I remember when I was a kid,there was a big dairy just south of Jackson Michigan on 127. A bunch of Harvestors,a huge bunker,big glass front milking parlor. I was by there last week. There's corn growing,but where the buildings were,all there is,is a falling down house and some trees growing up. You'd never guess in a million years that there was ever a place the size that there had been there.
 
Always sad to see those once thriving farms come to an end. Just a reminder that time continually marches on.
 
Yes it happens other places. When I was a kid there was a 5000 acre farm just north of my farm. In the 80s the guy went broke and the bank sod the land to investors. Now there are $250K houses all with a 5 acre "ranch". The sad thing is that a lot of the progress covers up some of the best farm land. Land that has little use other than holding the world together remains unproductive.
 
North of Dallas in the Frisco/Allen/Mckinney area they are covering a lot of good farm land with concrete and Mcmansion sprawl.

In this area they're in the bad habit of taking an 80 or 60 or whatever rectangle with a house and they sell the house and an acre
or two seperate from the land. The house is almost always near the road and the land ends up with a horseshoe shape on the road
end. Then if someone wants to build on the land the view from their front yard will be the back yard of the original house.
 
Yes that happens everywhere.

A picture of what use to be my grandfathers dairy farm up until about 1943.


a198404.jpg
 
My folks never owned a farm, we were just tenant farmers. The dairy farm where I lived most of my growing up years is now a public golf course. I played it few times many years ago and had a lot more fun walking the fairways and reminiscing about the stuff I did on that ground many years ago, than I did hitting the ball.

Tom in TN
Formerly outside of Kent, Ohio
 
Same thing happened in the Fraser Valley, east of Vancouver. In my youth it was rated in the top 5 of agriculture growing areas in the world. There are still some productive farms there - the rest is subdivisions -DUMB
 
Back when "Cotton was King" this place was heavily populated. Cotton demand died off and so did the area. Lots of old barns, houses, cisterns, fence rows on both sides where an old dirt road used to be, cotton working machines and implements still sitting around rusting away.....wide places in the middle of small towns 10 miles apart where they used to park the cotton trailers going into and out of the cotton gins. Some little towns of a couple hundred souls may have had 2 or 3 gins. When I moved here in '79 there were 4 dairies within a 5 mile radius.....today none.

Today nothing but the wide open space in these little towns. Some had 3 or 4 banks. Now if there is one it's only because it's a branch of a larger site. A lot of little towns still have post offices but they aren't bricks and mortar any longer.....trailer houses! Times change.

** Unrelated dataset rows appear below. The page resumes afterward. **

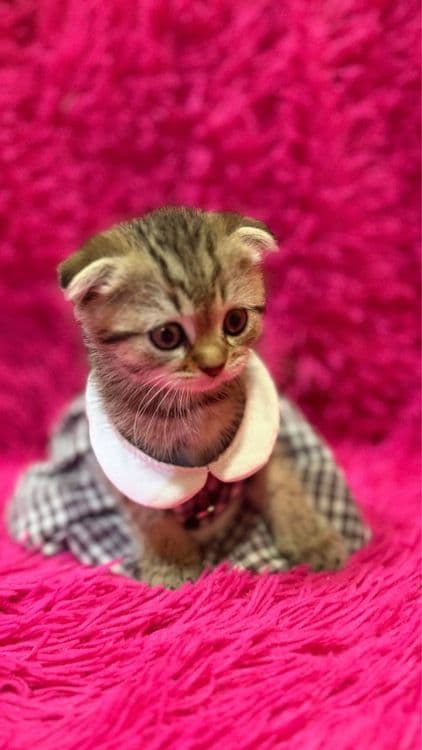 Продажа шотланских котят — 2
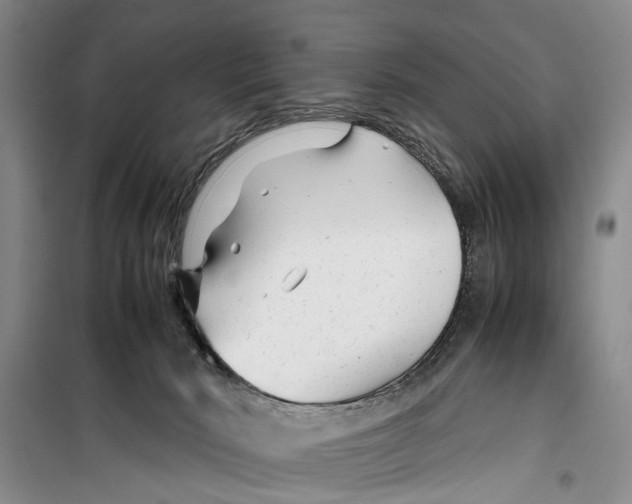 X0000099430030200805301438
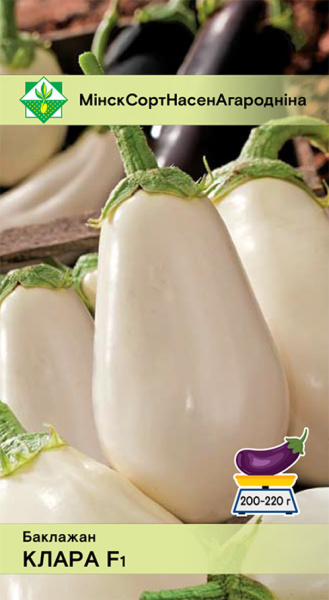 Баклажан Клара F1 0,1г., Польша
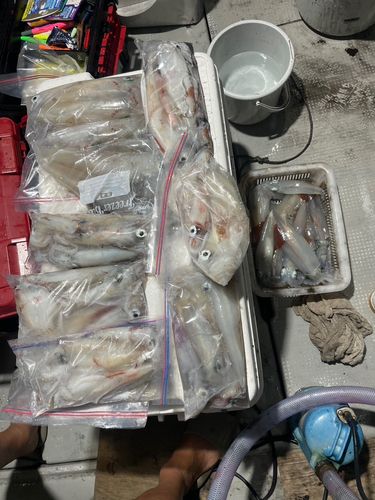 アカイカの釣果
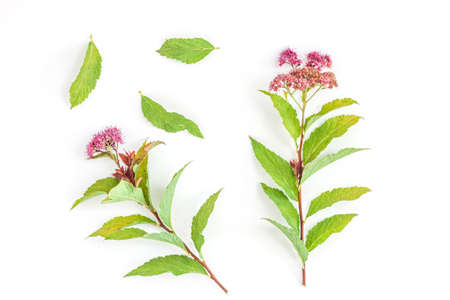 Colorful wildflowers on white background. Flat lay, top view. Floral background
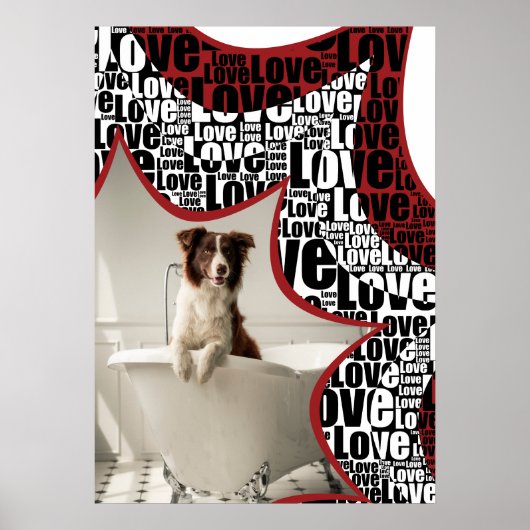 Zwart-wit en rood, omringd door liefde, honden zwe poster (Voorkant)
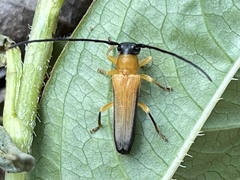 Oberea walkeri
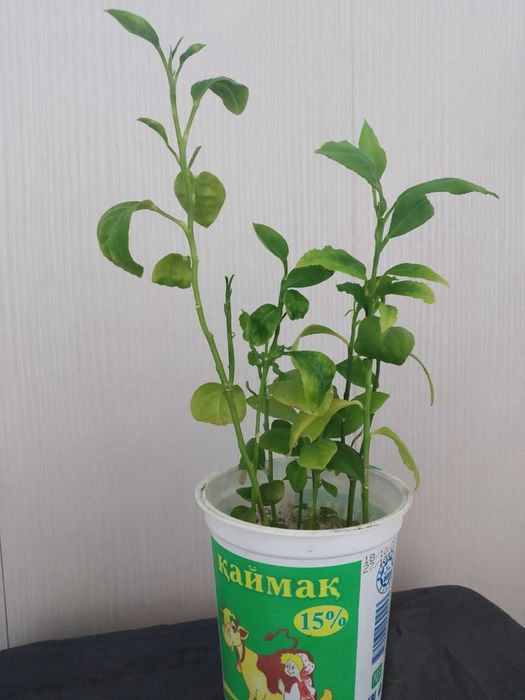 Лимоны, мандарины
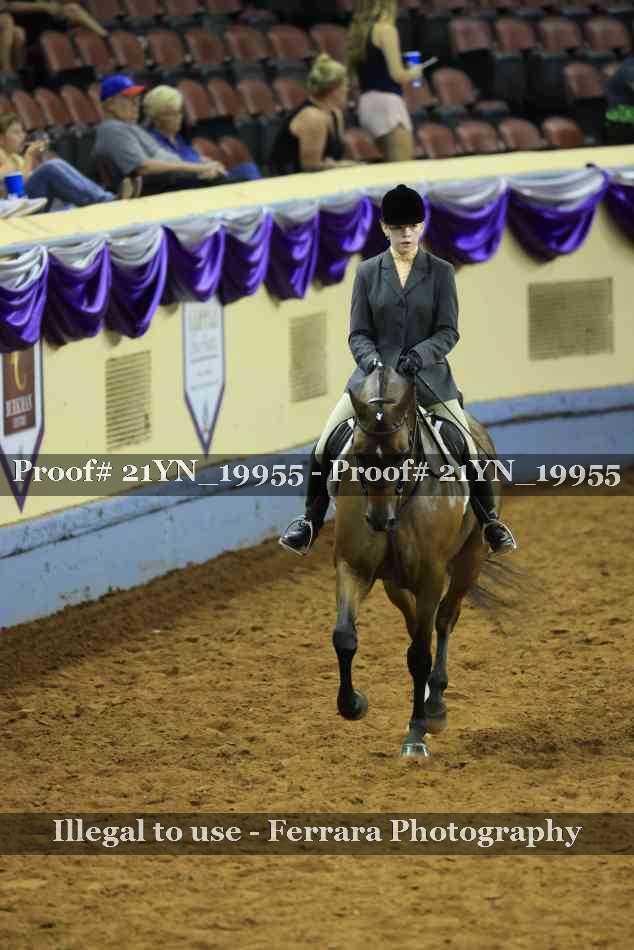 Proof 21YN_19955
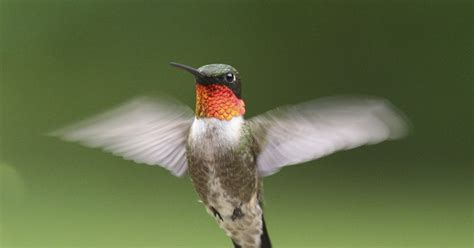 A Glimpse into the World of Hummingbirds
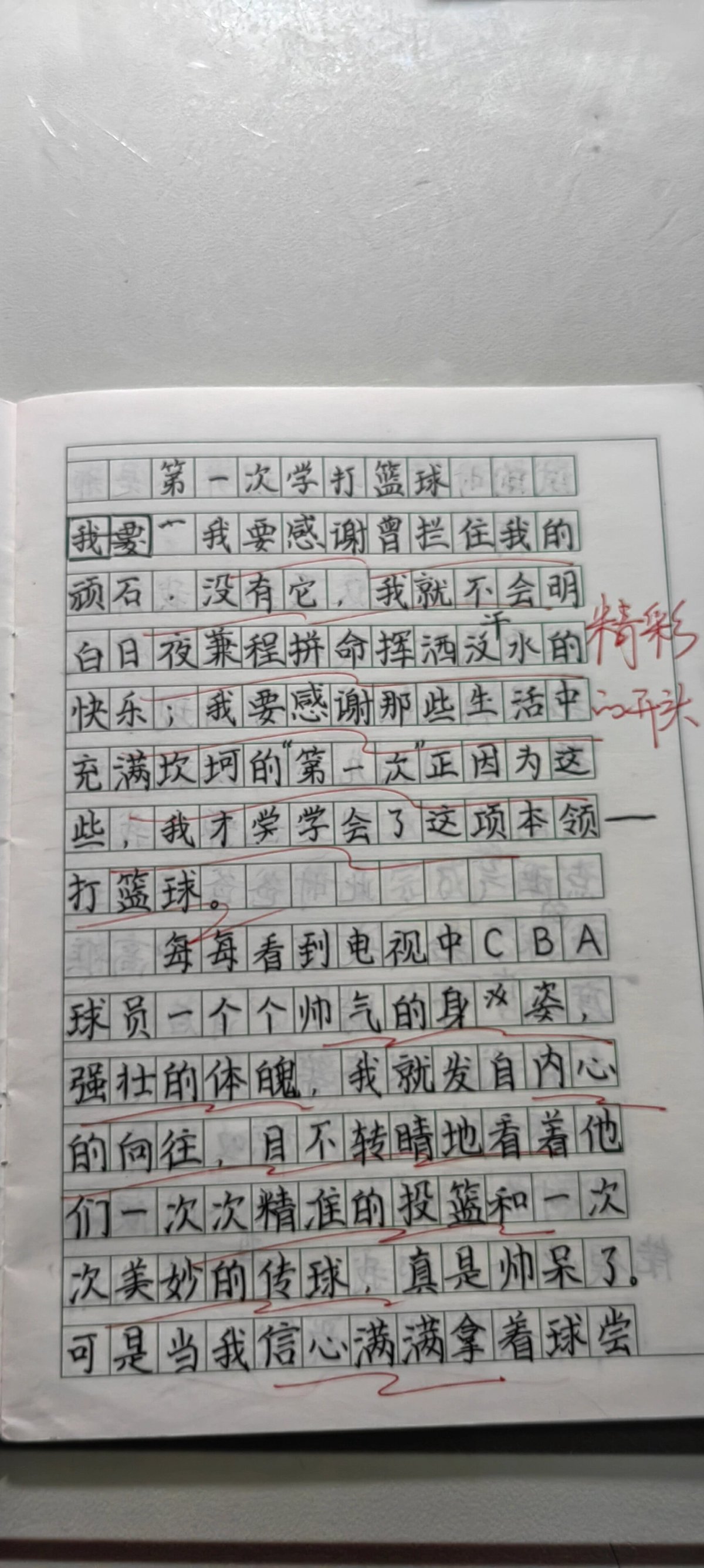 篮球训练过程的作文怎么写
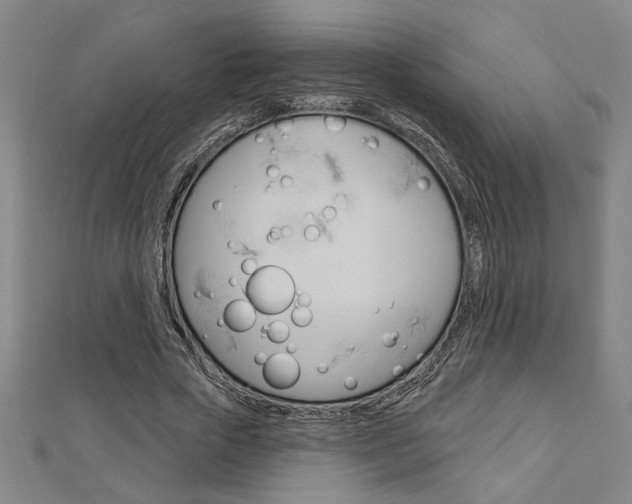 X0000112980729200908270918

Un-official Marine motto: Adapt, Improvise, Overcome, (Clint Eastwood movie sitting on the steps of a building they cleared in the battle to get the college kids off of Granada Island). Folks did just that. Quit farming, moved to town, got an 8-5 job, solid pay check and sold the land to X-city slickers like me who were tired of all that urban hoopla and wanted some peace and quiet. I wasn't a Marine but I use their slogan daily.
 
My piece is an original 40 deeded from the US to a war of 1812 veteran, it has not been split. It was deeded in 1838, and I am only the third non-family owner.
 
Just a couple of hours ago, while driving past a Walmart and other businesses on 27th Street on the north edge of Lincoln, Nebraska, I commented to my wife that it seemed strange to think that 30 years ago we were racing stock cars where that Walmart now sits.

There was a 3/8 mile dirt track on the site back then. Homeowners got it shut down because of the noise, maybe 12-15 Sunday evenings a year. I often wonder what they think now with a 24 hour Walmart there.
 
Yes, happened here, a huge racehorse farm years ago owned by Steven Sanford, Sanford stud farm, or Hurricana,a big farm with a training track ect. It's now a Walmart, price chopper Home Depot hannaford ect. Only I barn left on the place..
 
Just south of Odebolt Ia there was an outfit called Adams Ranch. From what I have read it was a twitch over 6000 contiguous acres and was the biggest farm in Iowa at one point in time. The main building site had workers quarters, huge corn cribs and a grain elevator both on the farm and in town. I forget how many teams of horses and mules they had but I can imagine it was plenty of them. Adams sold the farm back in the seventies and it has changed hands since then. The other day when I drove through Odebolt I could see the water tower still standing a mile away from the highway but I don't know what is left of the original building site. One article I read stated Adams ranch never had a mortgage.